(Dataset entries)
------------------------------------------------------------

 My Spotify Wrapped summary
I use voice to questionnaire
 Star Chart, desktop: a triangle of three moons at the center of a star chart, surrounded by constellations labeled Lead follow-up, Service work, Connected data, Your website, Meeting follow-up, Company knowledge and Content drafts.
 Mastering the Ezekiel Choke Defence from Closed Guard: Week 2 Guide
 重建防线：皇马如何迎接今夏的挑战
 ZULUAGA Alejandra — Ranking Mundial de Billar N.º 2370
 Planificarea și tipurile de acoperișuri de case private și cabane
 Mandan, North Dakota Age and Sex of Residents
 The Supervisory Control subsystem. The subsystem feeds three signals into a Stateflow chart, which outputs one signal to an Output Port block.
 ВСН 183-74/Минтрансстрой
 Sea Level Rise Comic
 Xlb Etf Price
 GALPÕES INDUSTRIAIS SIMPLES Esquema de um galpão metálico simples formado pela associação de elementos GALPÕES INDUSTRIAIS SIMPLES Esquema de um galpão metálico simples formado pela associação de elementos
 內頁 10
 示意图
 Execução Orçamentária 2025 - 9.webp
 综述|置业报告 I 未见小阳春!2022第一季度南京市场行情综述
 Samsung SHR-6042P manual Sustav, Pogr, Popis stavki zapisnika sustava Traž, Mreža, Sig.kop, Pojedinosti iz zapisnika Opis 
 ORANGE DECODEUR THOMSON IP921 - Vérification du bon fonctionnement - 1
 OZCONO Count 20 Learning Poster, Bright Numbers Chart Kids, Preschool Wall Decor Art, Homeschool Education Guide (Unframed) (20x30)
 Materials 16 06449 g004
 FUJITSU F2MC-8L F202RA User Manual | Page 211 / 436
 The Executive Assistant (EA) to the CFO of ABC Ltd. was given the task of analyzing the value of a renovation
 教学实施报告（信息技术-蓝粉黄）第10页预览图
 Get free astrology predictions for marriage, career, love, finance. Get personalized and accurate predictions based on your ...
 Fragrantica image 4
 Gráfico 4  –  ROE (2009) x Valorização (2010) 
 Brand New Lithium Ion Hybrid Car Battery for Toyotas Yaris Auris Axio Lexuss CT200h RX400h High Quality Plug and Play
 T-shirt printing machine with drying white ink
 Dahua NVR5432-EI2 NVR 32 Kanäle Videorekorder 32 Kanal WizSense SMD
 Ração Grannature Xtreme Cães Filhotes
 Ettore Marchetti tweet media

------------------------------------------------------------

• **Work item**
Each line from the one containing "Dahua NVR5432-EI2 NVR" through the last line of the entries above is to be returned exactly, and no others.

• **Answer**
 Dahua NVR5432-EI2 NVR 32 Kanäle Videorekorder 32 Kanal WizSense SMD
 Ração Grannature Xtreme Cães Filhotes
 Ettore Marchetti tweet media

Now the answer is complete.